▶ THE DATA
################

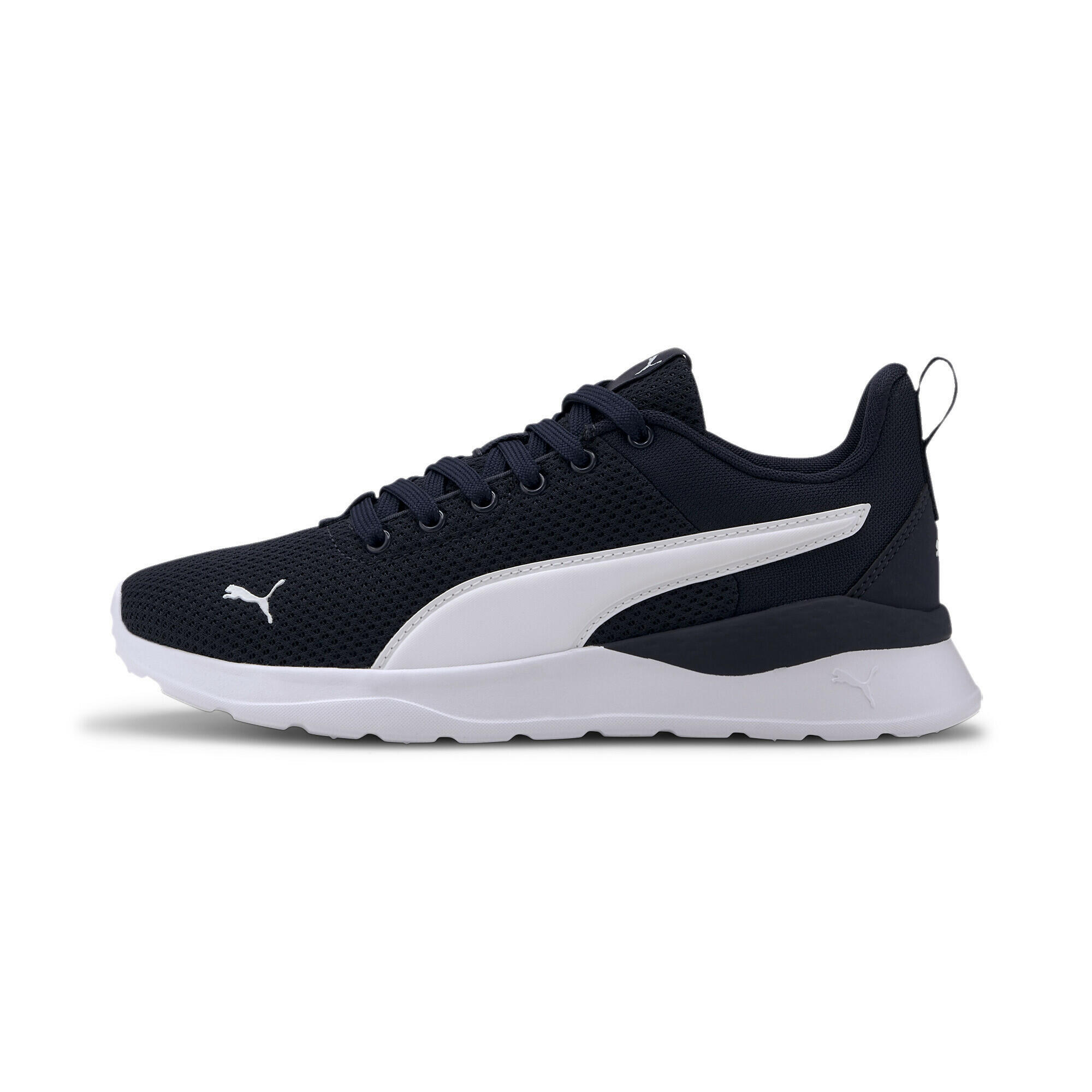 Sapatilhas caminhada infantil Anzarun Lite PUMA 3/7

################

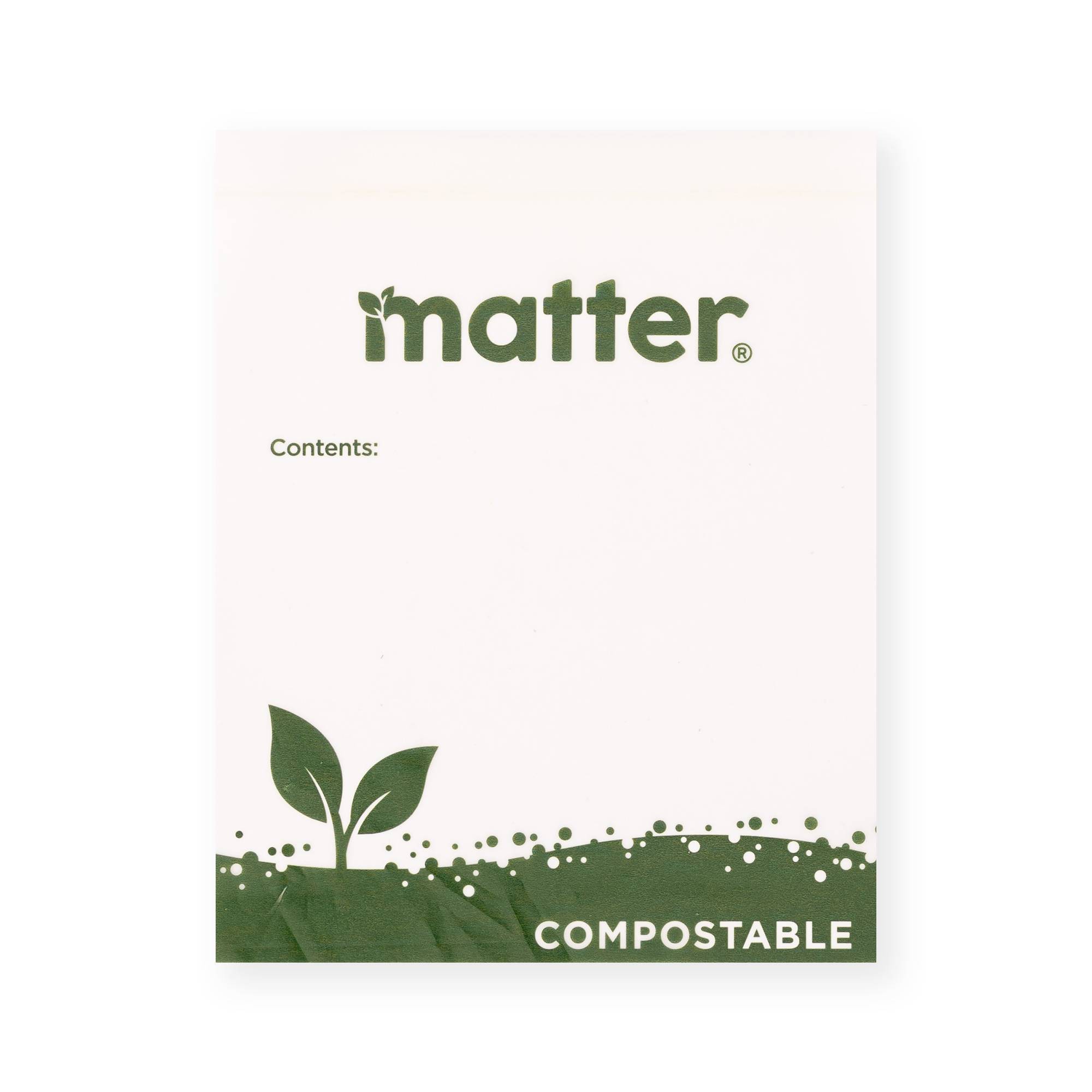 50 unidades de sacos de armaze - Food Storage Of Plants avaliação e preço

################

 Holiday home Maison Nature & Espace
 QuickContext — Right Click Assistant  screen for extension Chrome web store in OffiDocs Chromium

################

▶ WHAT YOU ARE ASKED TO DO
Among the entries above, locate the lines containing "Holiday home Maison Nature & Espace" and "QuickContext — Right", and transcribe exactly those two lines and all lines between.

▶ TASK SOLUTION
 Holiday home Maison Nature & Espace
 QuickContext — Right Click Assistant  screen for extension Chrome web store in OffiDocs Chromium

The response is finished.